SINGLE CHANNEL BLIND SOURCE SEPARATION USING

GAMMATONE FILTERBANK AND ITAKURA-SAITO

MATRIX FACTORIZATION

In this chapter, a novel framework to solving SCBSS based on the cochleagram TF representation and a family of IS divergence based novel two-dimensional nonnegative matrix factorization algorithms are proposed. The proposed solution separates audio sources from a single channel without relying on training information about the original sources. The uniqueness of the proposed work can be summarised as follows:

(i) Using the gammatone filterbank to construct audio signal TF representation. It produces a non-uniform TF domain termed as the cochleagram whereby each TF unit has different resolution unlike the classic spectrogram which deals only with uniform resolution.

(ii) The separability theory has been derived in the TF domain and a quantitative performance measure has been developed to evaluate how separable the sources in the monaural mixed signal. In particular, the ideal condition has been identified when the sources are perfectly separable. We also proposed a separation framework using the gammatone filterbank. The latter produces a non-uniform TF domain termed as the cochleagram whereby each TF unit has different resolution unlike the classical spectrogram which deals only with uniform resolution. Towards this end, it is shown

that the mixed signal is significantly more separable in the cochleagram than the classic spectrogram and the log-frequency spectrogram (constant-Q transform).

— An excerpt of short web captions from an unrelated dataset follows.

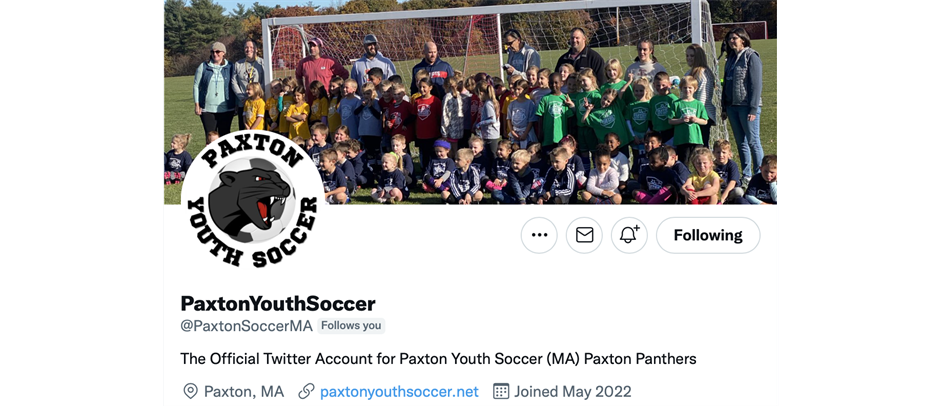 Follow Paxton Youth Soccer on Twitter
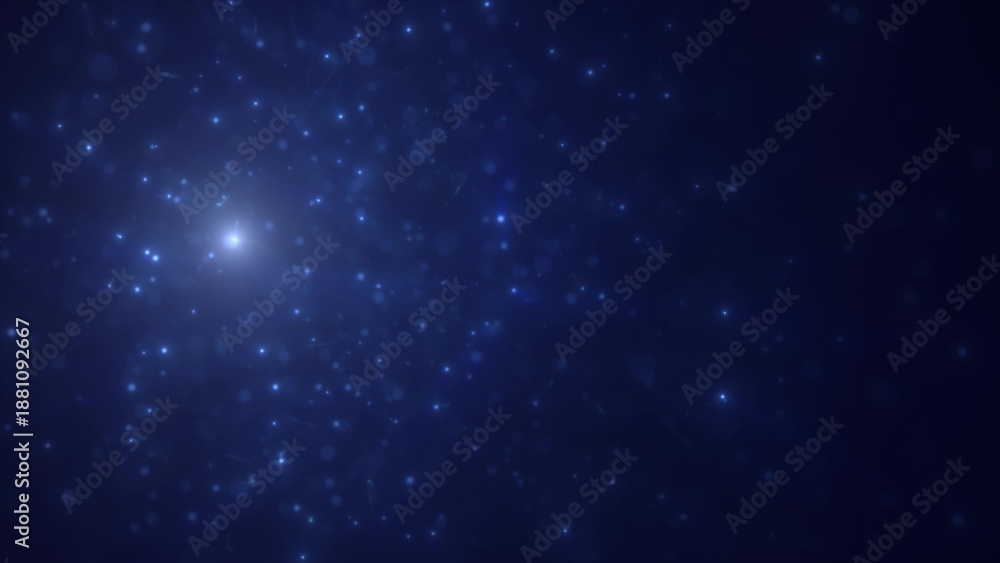 Obraz premium Abstract blue energy particles and dots glowing flying sparks festive with bokeh effect and blur background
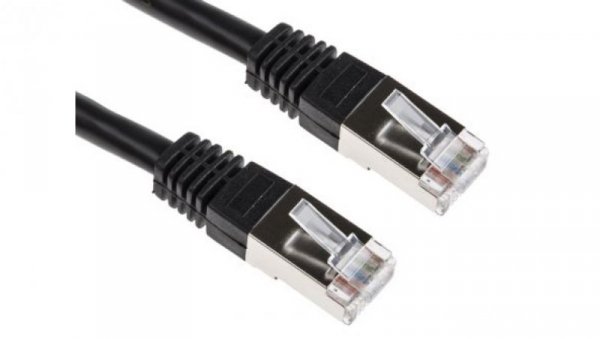 Kabel kategorii 6, Czarny, Wtyk RJ45/męski RJ45dł.: 1m, mat. koszulki: PVC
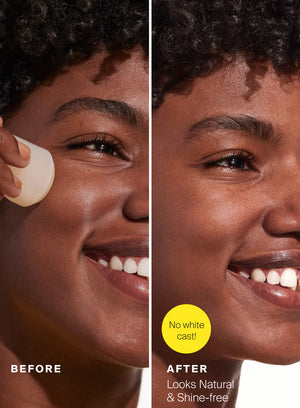 Before and after comparison of a woman applying makeup with a yellow label indicating 'No white cast' and 'Looks Natural & Shine-free'.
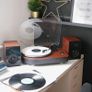Record Player Teak Finish with Speakers Image 2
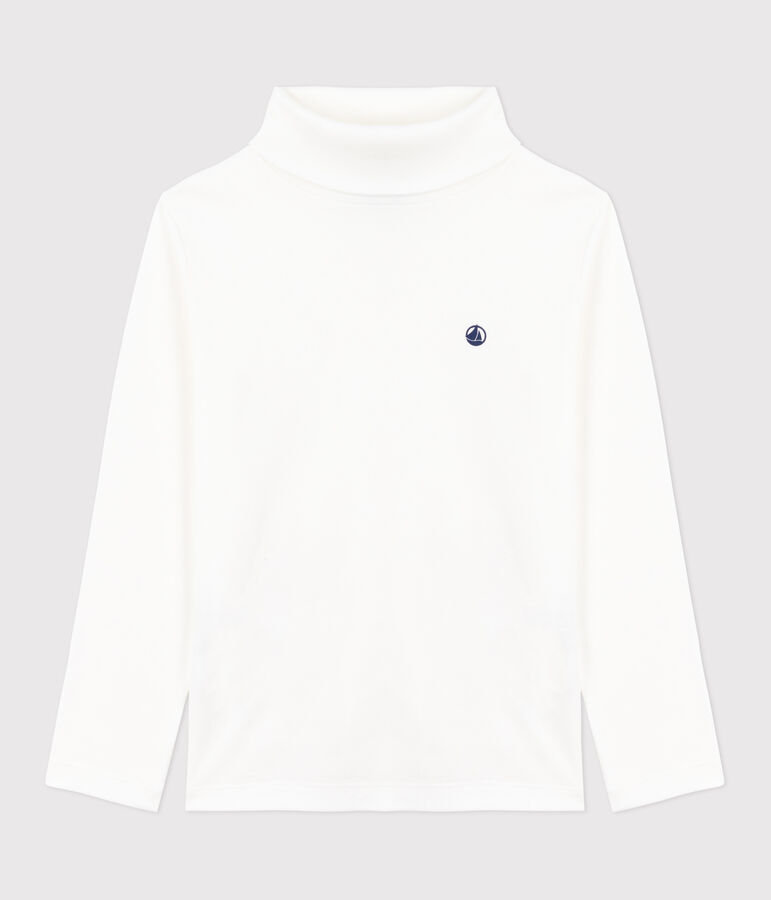 Children's plain cotton rollneck top white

(iii) A family of IS divergence based novel two-dimensional nonnegative matrix factorization algorithms has been developed to extract the spectral and temporal features of the sources. The proposed factorizations are scale invariant whereby the lower energy components in the cochleagram can be treated with equal importance as the higher energy components. Within the context of SCBSS, this property is highly desirable as it enables the spectral-temporal features of the sources that are usually characterized by large dynamic range of energy to be estimated with significantly higher accuracy. This is to be contrasted with the matrix factorization based on LS distance and KL divergence where both methods favor the high-energy components but neglect the low-energy components.

This chapter is organized as follows: Section 5.1 introduces the different TF matrix representations and the separability theory is developed. In Section 5.2, the family of IS divergence based NMF2D and regularised NMF2D algorithms are derived. The proposed source separation framework is fully developed. Experimental results and a series of performance comparison with other matrix factorization methods are presented in Section 5.3. Finally, Section 5.4 concludes the work of this chapter.